### Exercise directions:
A faithful copy of every entry, with the pictures removed, is what is needed here.

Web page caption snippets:
▶
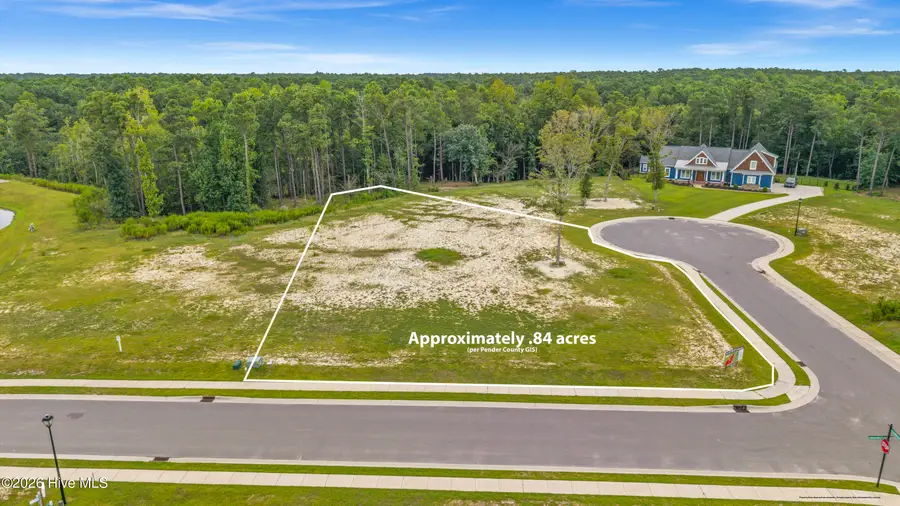 30 Dragonfly Lane #30, Hampstead, NC 28443 - #3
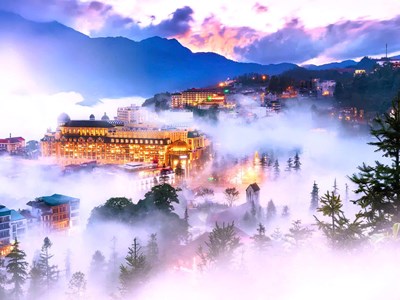 Du lịch Việt Nam sẽ phải tạo thêm giá trị ở đâu?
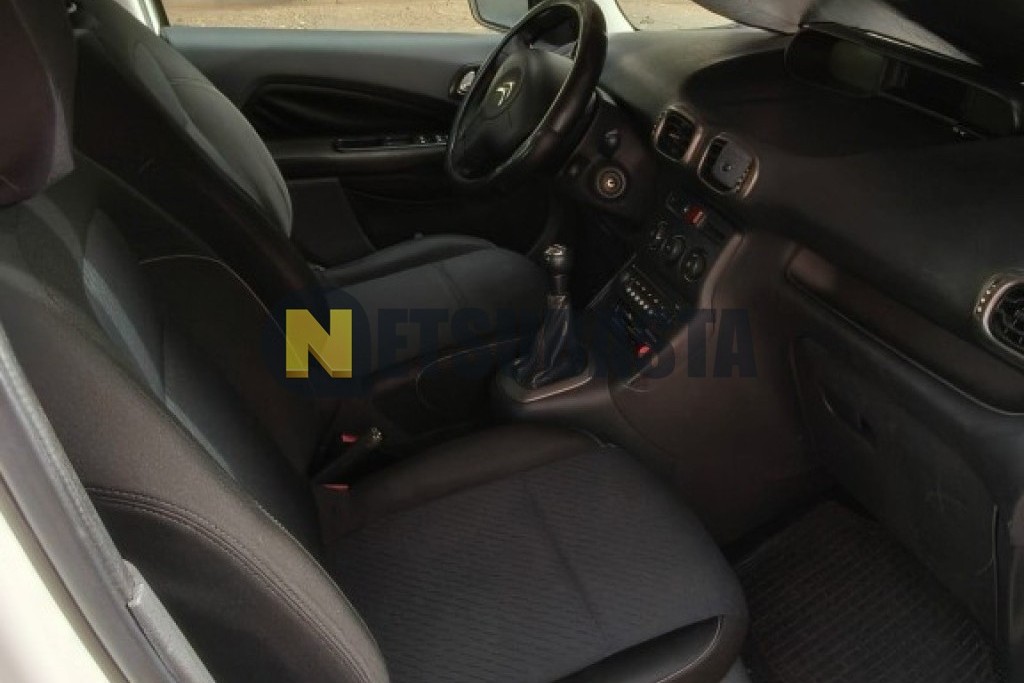 Citroën C3 Picasso 1.4 VTi 2015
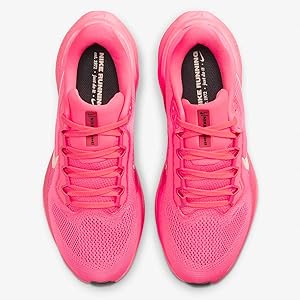 Amazon.co.jp: [ナイキ] ペガサス 41 [PEGASUS 41] ホットパンチ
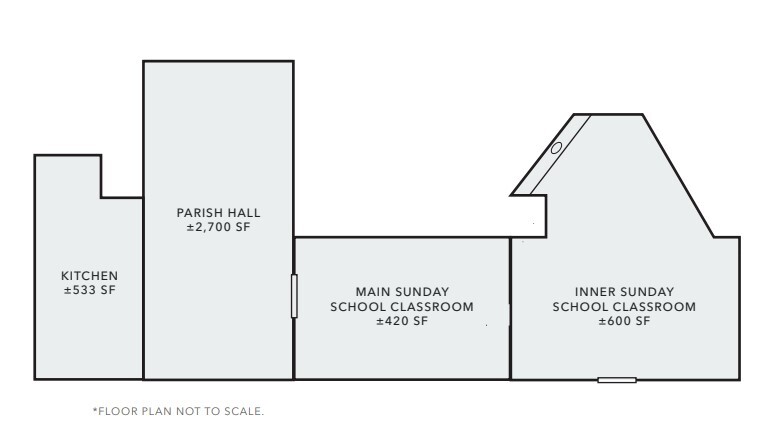 845 Chestnut St, Escondido, CA for lease Floor Plan- Image 1 of 1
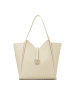 Kazar Schultertaschen in Creme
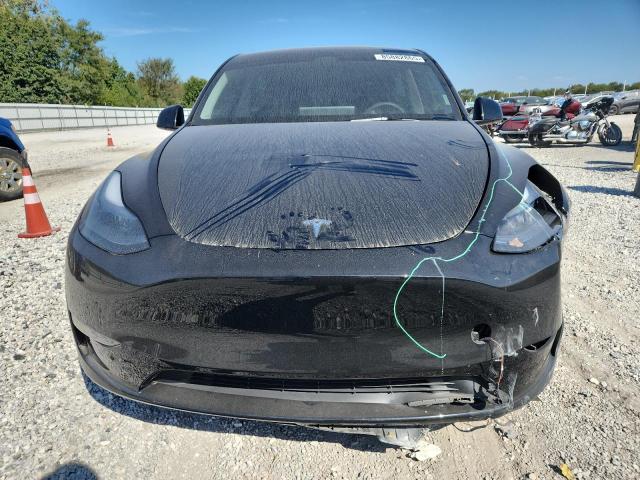 Photo 5 from auction – 2025 TESLA MODEL Y with VIN 7SAYGDEE1SF288225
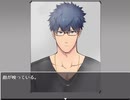 【初見実況】無口イケメンと謎の少女、そして悪夢の一室Part02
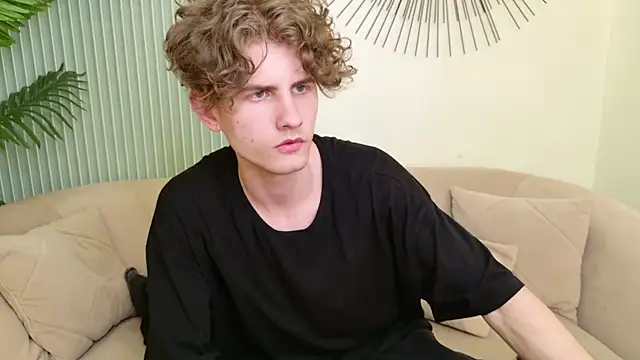 George_Lust's Webcam Show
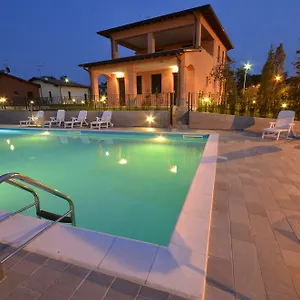 Aparthotel Barcarola, Sirmione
◀
### Reply:
 30 Dragonfly Lane #30, Hampstead, NC 28443 - #3
 Du lịch Việt Nam sẽ phải tạo thêm giá trị ở đâu?
 Citroën C3 Picasso 1.4 VTi 2015
 Amazon.co.jp: [ナイキ] ペガサス 41 [PEGASUS 41] ホットパンチ
 845 Chestnut St, Escondido, CA for lease Floor Plan- Image 1 of 1
 Kazar Schultertaschen in Creme
 Photo 5 from auction – 2025 TESLA MODEL Y with VIN 7SAYGDEE1SF288225
 【初見実況】無口イケメンと謎の少女、そして悪夢の一室Part02
 George_Lust's Webcam Show
 Aparthotel Barcarola, Sirmione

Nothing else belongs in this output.